EXERCISE DESCRIPTION ▸
Give again the lines from the line with "AHDB issues lungworm" to the last line of the records, exactly and in full. Do not carry over any pictures.

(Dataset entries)
::::::::::

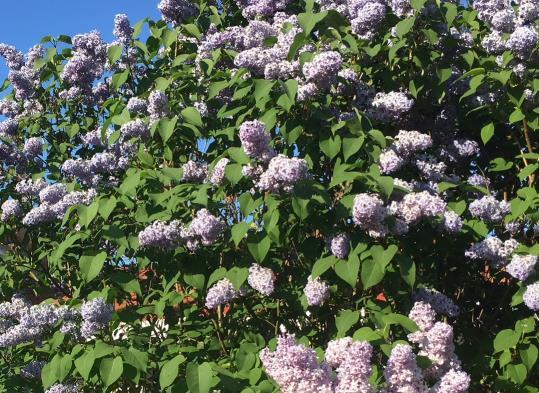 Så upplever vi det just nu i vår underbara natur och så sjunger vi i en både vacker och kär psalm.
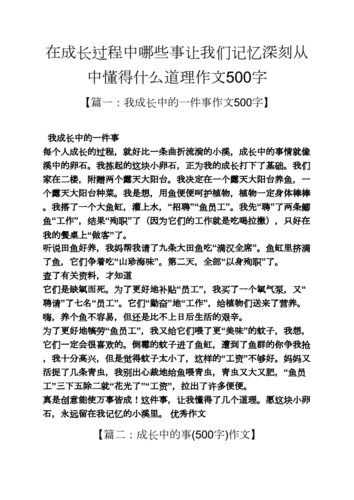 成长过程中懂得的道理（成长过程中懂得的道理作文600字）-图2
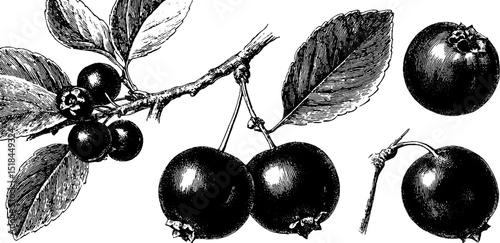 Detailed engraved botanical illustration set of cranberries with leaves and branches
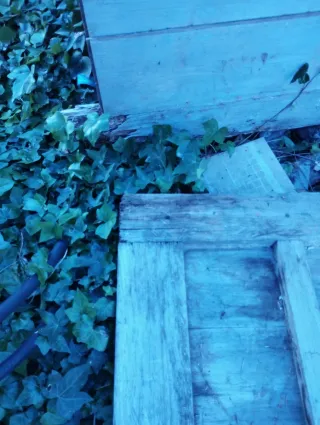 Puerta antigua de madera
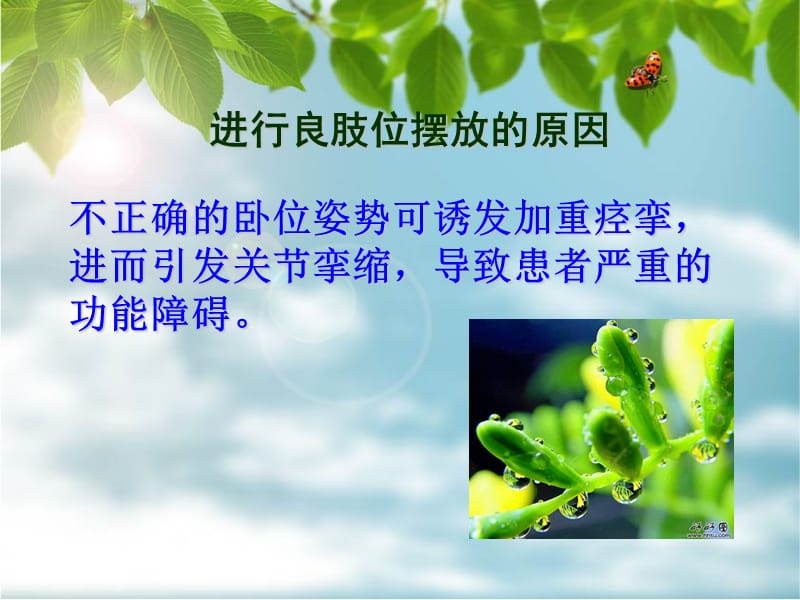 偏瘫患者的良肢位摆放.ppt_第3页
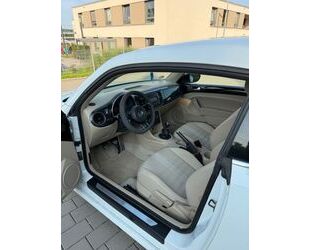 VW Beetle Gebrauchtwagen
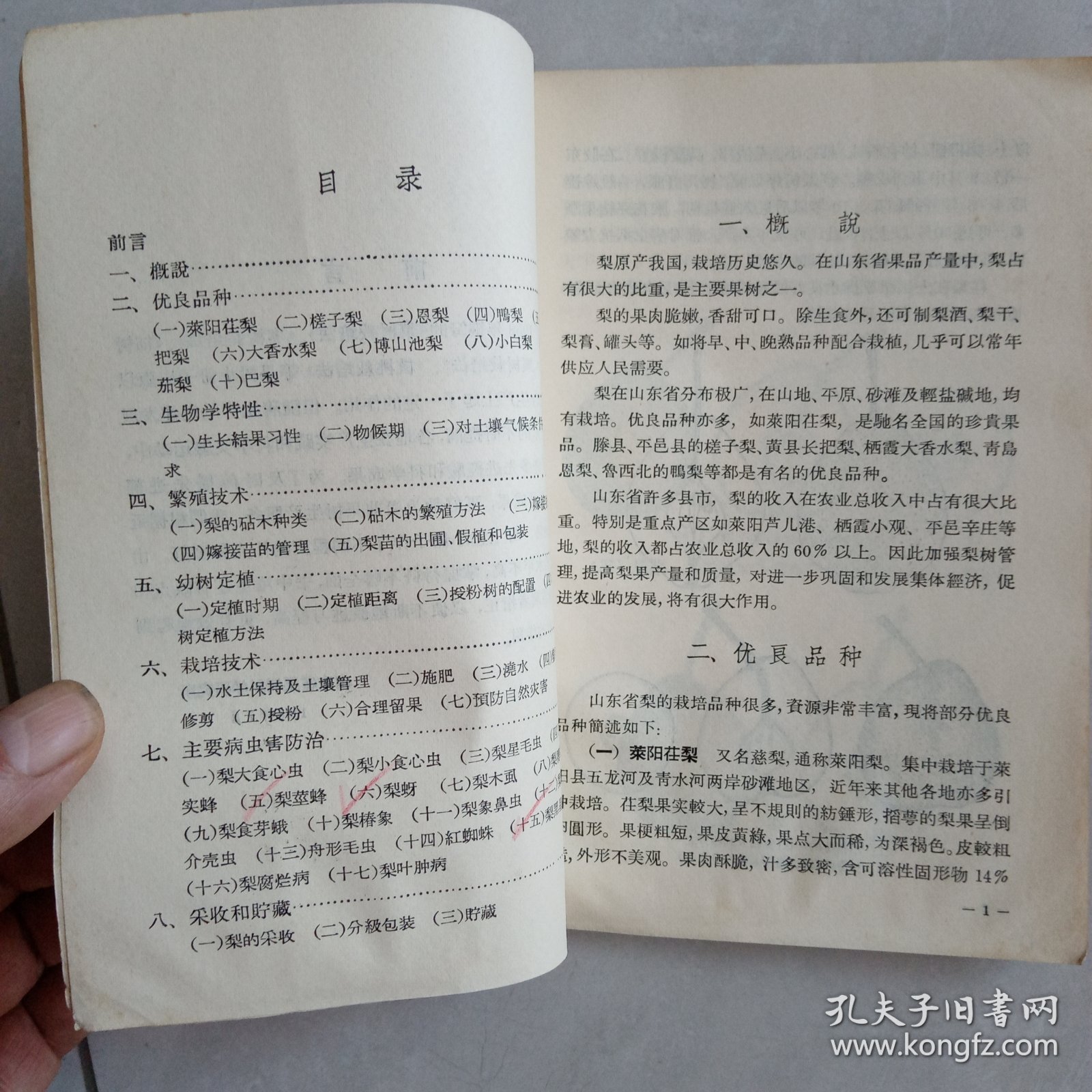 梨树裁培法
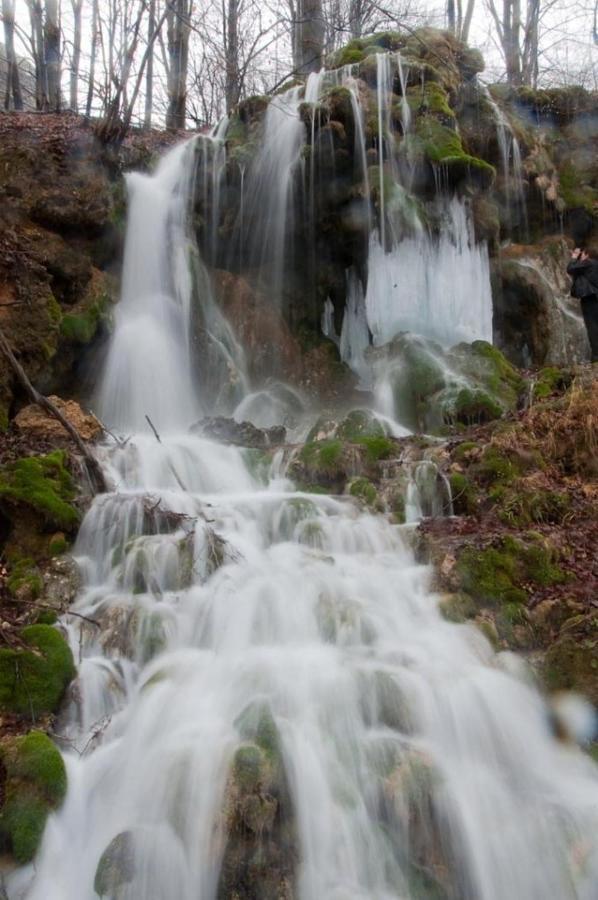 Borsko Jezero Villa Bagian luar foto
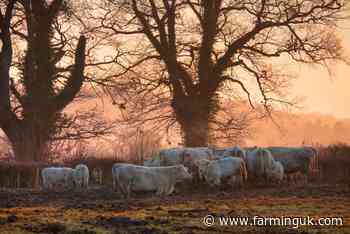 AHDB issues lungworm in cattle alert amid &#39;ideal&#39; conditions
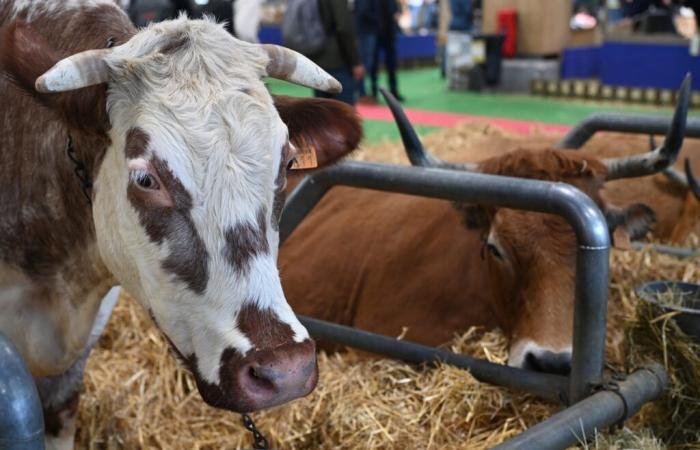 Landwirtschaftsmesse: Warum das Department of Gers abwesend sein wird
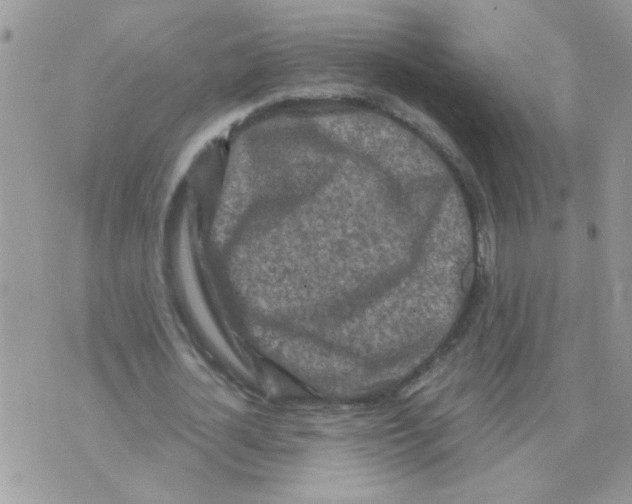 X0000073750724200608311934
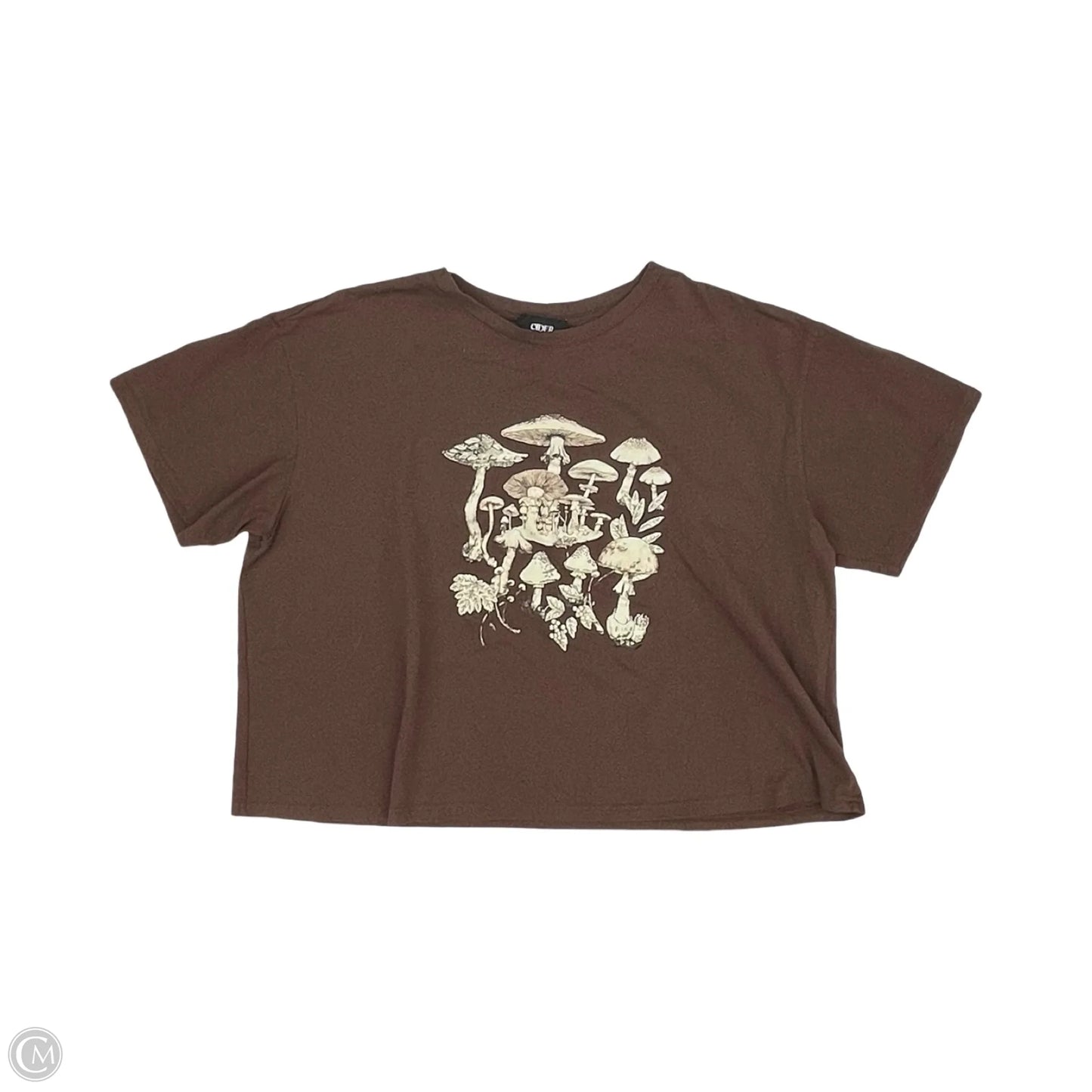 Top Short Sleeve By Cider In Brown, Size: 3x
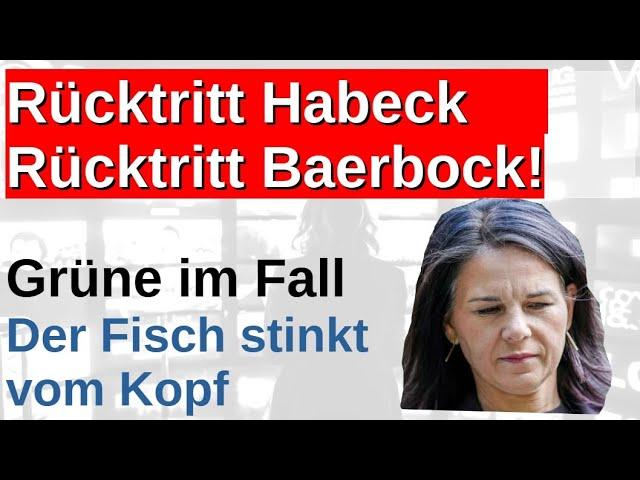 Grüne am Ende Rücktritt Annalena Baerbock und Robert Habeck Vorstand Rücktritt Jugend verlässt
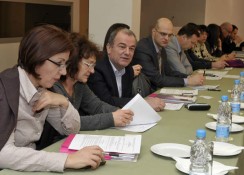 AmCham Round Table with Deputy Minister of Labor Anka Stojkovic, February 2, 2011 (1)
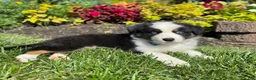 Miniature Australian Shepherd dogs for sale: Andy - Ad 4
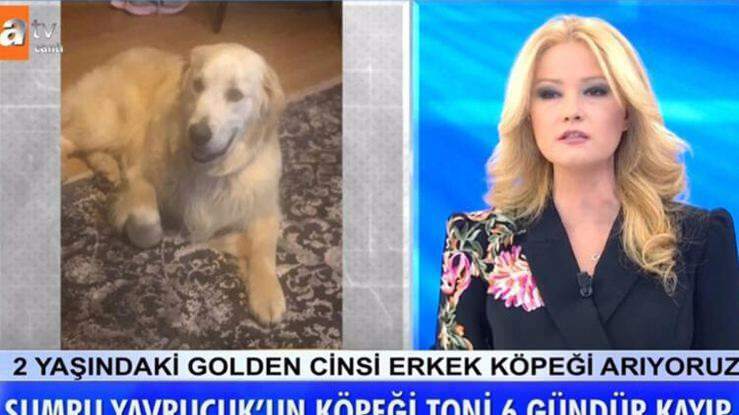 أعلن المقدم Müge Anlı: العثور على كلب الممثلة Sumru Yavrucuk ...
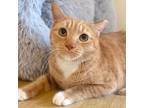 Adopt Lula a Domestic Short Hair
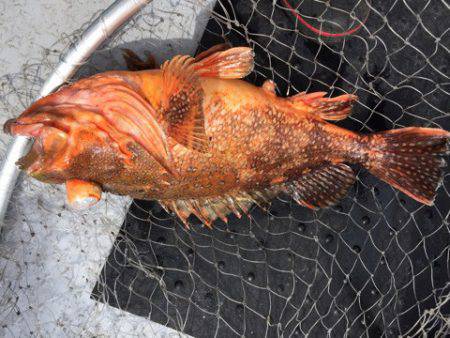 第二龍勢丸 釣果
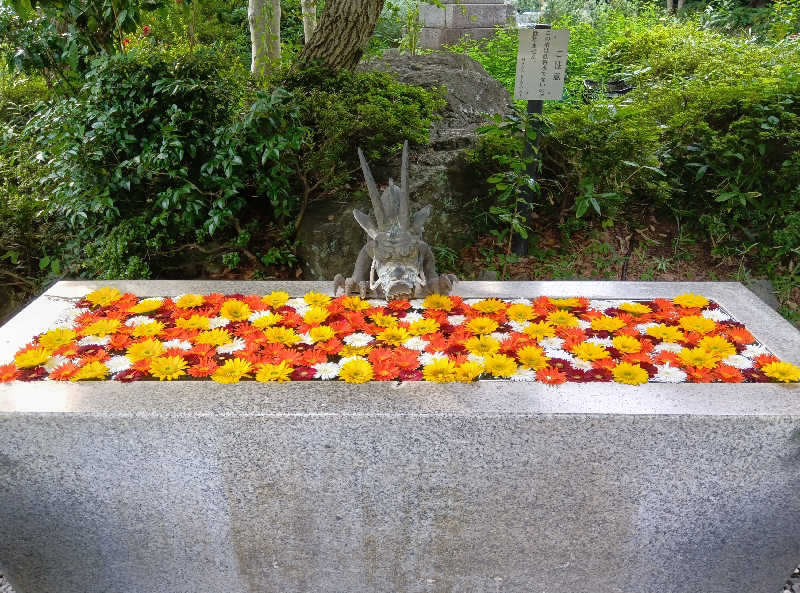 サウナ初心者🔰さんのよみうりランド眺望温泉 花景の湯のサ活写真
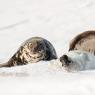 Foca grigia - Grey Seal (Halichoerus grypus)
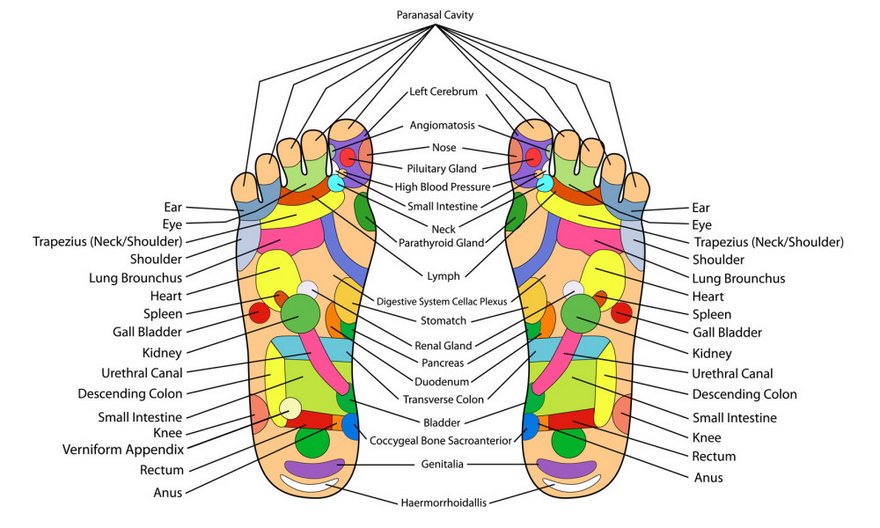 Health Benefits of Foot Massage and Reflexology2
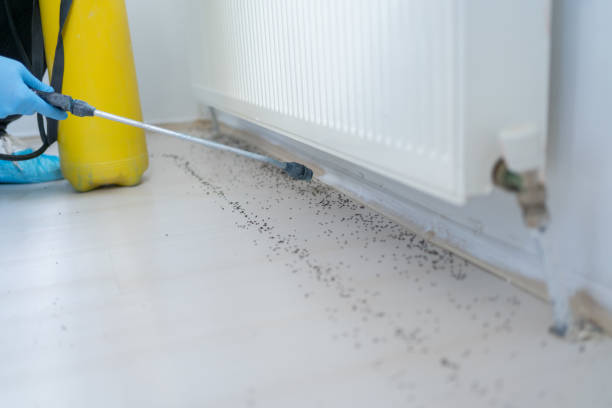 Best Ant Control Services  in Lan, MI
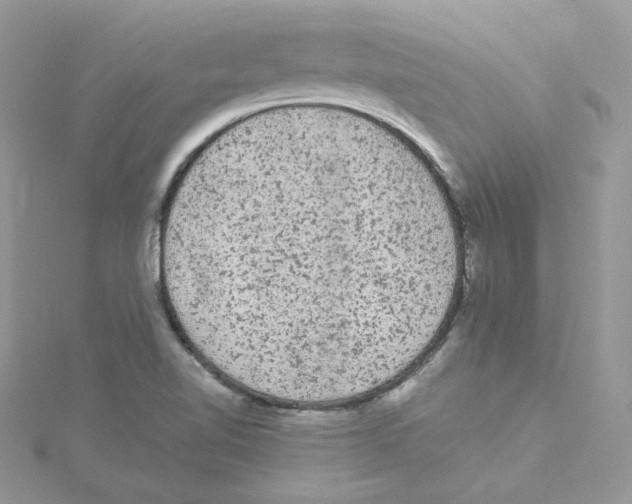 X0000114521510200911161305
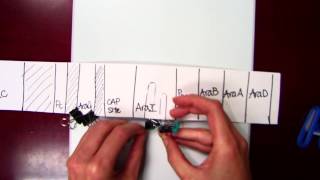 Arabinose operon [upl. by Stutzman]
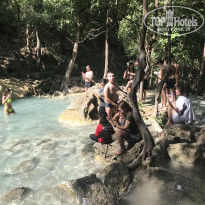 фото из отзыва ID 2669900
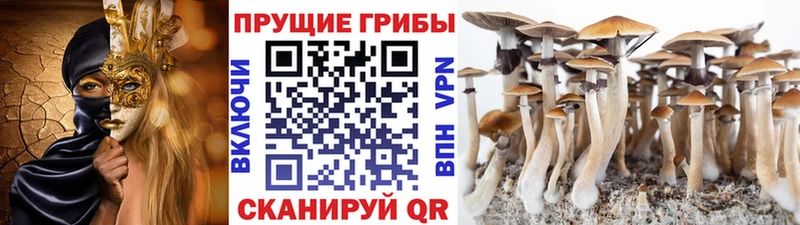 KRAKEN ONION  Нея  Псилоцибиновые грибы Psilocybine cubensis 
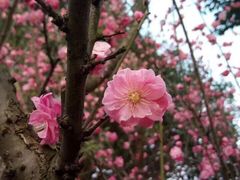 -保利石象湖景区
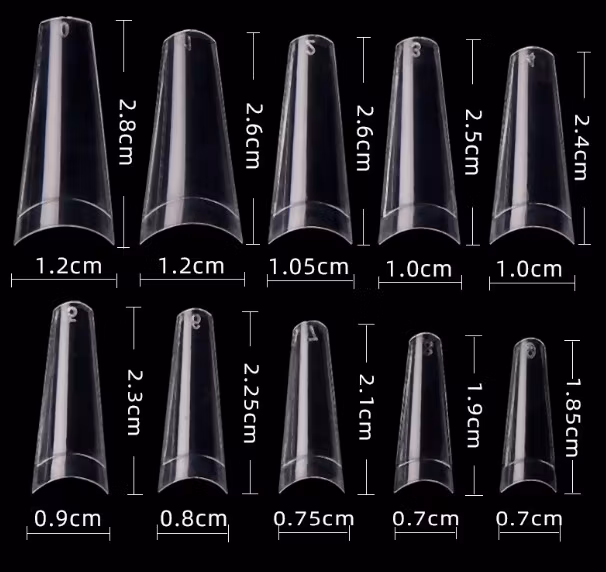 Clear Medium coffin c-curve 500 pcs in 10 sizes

::::::::::

REPLY TO THE EXERCISE ▸
 AHDB issues lungworm in cattle alert amid &#39;ideal&#39; conditions
 Landwirtschaftsmesse: Warum das Department of Gers abwesend sein wird
 X0000073750724200608311934
 Top Short Sleeve By Cider In Brown, Size: 3x
 Grüne am Ende Rücktritt Annalena Baerbock und Robert Habeck Vorstand Rücktritt Jugend verlässt
 AmCham Round Table with Deputy Minister of Labor Anka Stojkovic, February 2, 2011 (1)
 Miniature Australian Shepherd dogs for sale: Andy - Ad 4
 أعلن المقدم Müge Anlı: العثور على كلب الممثلة Sumru Yavrucuk ...
 Adopt Lula a Domestic Short Hair
 第二龍勢丸 釣果
 サウナ初心者🔰さんのよみうりランド眺望温泉 花景の湯のサ活写真
 Foca grigia - Grey Seal (Halichoerus grypus)
 Health Benefits of Foot Massage and Reflexology2
 Best Ant Control Services  in Lan, MI
 X0000114521510200911161305
 Arabinose operon [upl. by Stutzman]
 фото из отзыва ID 2669900
 KRAKEN ONION  Нея  Псилоцибиновые грибы Psilocybine cubensis 
 -保利石象湖景区
 Clear Medium coffin c-curve 500 pcs in 10 sizes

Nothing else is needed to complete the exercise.